(Stored items)

____________________

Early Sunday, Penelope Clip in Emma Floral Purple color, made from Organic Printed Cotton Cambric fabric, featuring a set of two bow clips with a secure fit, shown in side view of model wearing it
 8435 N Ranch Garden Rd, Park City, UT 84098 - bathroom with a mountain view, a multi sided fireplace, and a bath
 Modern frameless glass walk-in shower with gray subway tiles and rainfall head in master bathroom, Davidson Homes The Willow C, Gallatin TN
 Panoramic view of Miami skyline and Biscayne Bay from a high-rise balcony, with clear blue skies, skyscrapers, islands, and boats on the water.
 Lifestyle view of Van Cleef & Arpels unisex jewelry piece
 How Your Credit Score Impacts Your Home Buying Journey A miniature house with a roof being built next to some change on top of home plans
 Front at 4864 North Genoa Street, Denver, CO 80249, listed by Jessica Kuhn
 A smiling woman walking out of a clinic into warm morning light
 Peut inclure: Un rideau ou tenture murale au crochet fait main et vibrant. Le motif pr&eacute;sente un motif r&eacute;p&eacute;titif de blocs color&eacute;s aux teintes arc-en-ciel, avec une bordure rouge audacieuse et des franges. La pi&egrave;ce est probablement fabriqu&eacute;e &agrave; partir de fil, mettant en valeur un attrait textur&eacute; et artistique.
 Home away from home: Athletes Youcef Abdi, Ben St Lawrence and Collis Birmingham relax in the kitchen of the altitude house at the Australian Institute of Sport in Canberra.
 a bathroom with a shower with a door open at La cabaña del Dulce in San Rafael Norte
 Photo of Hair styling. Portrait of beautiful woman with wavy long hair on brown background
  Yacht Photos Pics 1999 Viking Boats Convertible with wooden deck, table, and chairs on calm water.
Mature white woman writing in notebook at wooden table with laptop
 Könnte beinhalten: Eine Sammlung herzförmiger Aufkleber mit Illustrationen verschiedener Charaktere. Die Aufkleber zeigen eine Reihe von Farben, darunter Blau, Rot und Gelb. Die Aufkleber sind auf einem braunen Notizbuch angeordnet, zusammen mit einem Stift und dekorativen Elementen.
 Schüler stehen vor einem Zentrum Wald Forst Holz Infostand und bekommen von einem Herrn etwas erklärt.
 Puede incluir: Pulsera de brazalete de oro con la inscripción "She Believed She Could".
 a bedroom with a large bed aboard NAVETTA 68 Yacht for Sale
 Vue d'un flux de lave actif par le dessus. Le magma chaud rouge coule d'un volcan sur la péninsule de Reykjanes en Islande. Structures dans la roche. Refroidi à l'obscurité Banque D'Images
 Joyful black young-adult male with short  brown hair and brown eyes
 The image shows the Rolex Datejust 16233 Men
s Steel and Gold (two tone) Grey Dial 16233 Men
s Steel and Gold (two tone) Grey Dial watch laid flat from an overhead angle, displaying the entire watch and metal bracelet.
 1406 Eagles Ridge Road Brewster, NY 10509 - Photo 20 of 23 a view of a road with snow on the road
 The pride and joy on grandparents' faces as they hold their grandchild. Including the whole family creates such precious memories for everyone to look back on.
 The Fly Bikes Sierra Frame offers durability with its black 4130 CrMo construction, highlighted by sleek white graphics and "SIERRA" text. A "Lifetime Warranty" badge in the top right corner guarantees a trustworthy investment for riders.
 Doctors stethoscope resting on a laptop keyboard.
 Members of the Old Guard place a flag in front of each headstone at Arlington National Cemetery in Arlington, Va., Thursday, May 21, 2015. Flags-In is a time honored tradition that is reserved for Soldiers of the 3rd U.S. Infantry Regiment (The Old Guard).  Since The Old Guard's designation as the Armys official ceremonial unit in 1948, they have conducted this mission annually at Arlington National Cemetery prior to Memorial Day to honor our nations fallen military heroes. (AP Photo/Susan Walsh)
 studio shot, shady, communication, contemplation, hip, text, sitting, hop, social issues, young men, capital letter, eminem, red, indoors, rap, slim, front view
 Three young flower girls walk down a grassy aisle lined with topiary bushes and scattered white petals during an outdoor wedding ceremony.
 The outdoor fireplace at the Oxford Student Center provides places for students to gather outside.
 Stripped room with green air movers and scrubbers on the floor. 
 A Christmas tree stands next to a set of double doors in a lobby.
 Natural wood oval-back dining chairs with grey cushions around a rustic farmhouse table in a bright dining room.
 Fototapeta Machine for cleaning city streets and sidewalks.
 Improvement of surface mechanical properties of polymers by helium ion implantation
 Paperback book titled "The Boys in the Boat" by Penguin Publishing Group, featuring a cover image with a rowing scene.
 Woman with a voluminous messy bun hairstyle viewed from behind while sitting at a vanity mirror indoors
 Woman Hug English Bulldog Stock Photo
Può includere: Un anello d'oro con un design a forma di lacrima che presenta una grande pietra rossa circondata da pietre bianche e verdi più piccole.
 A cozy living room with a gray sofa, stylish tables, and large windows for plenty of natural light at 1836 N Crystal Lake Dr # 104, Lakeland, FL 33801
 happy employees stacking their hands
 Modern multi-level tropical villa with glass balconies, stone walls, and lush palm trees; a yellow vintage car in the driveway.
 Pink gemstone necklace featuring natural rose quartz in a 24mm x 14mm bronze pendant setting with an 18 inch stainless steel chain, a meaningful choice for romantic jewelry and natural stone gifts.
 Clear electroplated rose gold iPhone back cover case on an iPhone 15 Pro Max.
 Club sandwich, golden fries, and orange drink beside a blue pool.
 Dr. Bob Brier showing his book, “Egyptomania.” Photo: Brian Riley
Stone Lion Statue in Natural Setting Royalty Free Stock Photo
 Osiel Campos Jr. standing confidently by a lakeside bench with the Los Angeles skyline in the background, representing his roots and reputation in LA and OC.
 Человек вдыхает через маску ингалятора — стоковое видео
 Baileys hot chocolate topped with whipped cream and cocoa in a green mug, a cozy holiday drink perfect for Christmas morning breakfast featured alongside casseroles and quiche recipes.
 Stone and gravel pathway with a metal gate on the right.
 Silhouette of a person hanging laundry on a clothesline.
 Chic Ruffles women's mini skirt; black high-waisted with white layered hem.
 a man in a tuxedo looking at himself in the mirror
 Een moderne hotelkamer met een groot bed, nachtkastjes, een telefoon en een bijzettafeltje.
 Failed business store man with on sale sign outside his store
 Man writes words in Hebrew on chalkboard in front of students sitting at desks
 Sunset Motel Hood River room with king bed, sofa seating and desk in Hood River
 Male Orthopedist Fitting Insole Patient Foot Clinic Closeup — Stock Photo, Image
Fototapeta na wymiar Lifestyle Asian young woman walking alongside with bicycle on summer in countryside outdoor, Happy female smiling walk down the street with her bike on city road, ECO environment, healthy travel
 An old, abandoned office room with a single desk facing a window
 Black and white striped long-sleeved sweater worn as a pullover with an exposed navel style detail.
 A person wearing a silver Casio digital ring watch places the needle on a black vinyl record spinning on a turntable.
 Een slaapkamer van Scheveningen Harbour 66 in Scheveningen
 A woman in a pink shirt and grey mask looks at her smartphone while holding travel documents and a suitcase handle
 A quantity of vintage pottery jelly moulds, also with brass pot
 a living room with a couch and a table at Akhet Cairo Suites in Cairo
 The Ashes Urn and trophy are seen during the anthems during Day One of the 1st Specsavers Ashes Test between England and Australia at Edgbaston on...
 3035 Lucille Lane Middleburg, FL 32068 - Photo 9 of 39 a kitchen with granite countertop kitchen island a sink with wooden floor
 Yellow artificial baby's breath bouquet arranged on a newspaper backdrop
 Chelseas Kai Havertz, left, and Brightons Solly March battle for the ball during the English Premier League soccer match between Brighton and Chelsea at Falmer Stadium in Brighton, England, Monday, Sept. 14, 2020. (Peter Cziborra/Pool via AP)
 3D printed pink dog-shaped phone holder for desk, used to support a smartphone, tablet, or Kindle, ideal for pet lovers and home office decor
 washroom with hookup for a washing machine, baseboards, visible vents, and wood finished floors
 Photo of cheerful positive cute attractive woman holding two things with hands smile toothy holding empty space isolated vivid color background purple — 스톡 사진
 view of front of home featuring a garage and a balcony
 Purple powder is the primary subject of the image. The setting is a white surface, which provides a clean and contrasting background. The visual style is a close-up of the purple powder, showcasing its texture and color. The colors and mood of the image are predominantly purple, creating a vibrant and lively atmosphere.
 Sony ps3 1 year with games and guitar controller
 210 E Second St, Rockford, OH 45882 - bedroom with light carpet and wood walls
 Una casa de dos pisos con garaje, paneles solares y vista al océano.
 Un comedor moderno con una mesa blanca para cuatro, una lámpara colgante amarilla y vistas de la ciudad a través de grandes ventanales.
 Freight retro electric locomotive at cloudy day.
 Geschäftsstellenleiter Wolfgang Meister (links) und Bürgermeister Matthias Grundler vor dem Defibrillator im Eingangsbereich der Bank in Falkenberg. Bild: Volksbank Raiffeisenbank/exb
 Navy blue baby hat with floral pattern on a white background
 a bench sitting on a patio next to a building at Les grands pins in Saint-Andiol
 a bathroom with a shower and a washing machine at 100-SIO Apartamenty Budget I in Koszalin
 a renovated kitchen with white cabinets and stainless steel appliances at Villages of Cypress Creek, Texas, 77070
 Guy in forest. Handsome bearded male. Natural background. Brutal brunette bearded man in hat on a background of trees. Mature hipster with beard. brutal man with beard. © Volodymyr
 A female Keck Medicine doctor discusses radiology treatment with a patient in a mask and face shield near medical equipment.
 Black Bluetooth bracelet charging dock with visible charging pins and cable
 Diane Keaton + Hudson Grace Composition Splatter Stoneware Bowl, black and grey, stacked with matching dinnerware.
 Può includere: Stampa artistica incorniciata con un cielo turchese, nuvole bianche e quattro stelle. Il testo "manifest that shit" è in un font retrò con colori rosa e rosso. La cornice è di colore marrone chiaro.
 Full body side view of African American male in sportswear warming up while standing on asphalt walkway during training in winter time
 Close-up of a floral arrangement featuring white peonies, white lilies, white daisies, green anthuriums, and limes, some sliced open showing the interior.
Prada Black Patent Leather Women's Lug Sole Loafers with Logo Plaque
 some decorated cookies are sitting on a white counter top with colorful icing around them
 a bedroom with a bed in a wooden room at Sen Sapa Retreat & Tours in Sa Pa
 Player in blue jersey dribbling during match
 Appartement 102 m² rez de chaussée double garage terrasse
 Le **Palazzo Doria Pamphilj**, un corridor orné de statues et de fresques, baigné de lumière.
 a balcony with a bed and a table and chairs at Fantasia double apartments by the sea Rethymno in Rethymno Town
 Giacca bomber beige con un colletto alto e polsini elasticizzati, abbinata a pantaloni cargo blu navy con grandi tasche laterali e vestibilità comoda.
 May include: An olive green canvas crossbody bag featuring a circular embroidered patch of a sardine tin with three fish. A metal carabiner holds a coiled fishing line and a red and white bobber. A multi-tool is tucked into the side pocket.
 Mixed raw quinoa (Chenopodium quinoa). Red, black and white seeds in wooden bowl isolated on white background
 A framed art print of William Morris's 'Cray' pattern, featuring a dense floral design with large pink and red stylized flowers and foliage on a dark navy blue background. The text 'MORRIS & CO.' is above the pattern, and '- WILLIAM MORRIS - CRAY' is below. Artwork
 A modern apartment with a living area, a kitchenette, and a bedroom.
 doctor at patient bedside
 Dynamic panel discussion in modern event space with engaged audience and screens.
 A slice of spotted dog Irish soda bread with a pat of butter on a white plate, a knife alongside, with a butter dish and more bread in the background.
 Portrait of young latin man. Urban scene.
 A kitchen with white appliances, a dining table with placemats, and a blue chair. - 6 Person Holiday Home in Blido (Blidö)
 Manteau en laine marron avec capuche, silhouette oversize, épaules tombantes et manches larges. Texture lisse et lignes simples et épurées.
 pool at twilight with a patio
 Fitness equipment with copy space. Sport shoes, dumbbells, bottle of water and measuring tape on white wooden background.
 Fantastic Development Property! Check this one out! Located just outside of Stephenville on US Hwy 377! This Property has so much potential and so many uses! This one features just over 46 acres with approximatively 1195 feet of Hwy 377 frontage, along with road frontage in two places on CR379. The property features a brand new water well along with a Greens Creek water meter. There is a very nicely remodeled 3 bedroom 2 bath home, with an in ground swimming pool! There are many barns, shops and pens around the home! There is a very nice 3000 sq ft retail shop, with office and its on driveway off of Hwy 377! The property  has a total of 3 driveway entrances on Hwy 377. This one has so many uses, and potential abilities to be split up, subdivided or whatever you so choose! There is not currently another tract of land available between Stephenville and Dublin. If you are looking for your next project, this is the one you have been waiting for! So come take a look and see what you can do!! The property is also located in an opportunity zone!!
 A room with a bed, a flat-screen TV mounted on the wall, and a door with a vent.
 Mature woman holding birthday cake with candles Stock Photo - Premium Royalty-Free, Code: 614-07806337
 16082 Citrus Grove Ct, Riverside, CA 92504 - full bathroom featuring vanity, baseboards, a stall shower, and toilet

____________________

Task requirements
Find every line in the records that contains the word "stainless"; copy those lines.

Answer to this exercise
 Pink gemstone necklace featuring natural rose quartz in a 24mm x 14mm bronze pendant setting with an 18 inch stainless steel chain, a meaningful choice for romantic jewelry and natural stone gifts.
 a renovated kitchen with white cabinets and stainless steel appliances at Villages of Cypress Creek, Texas, 77070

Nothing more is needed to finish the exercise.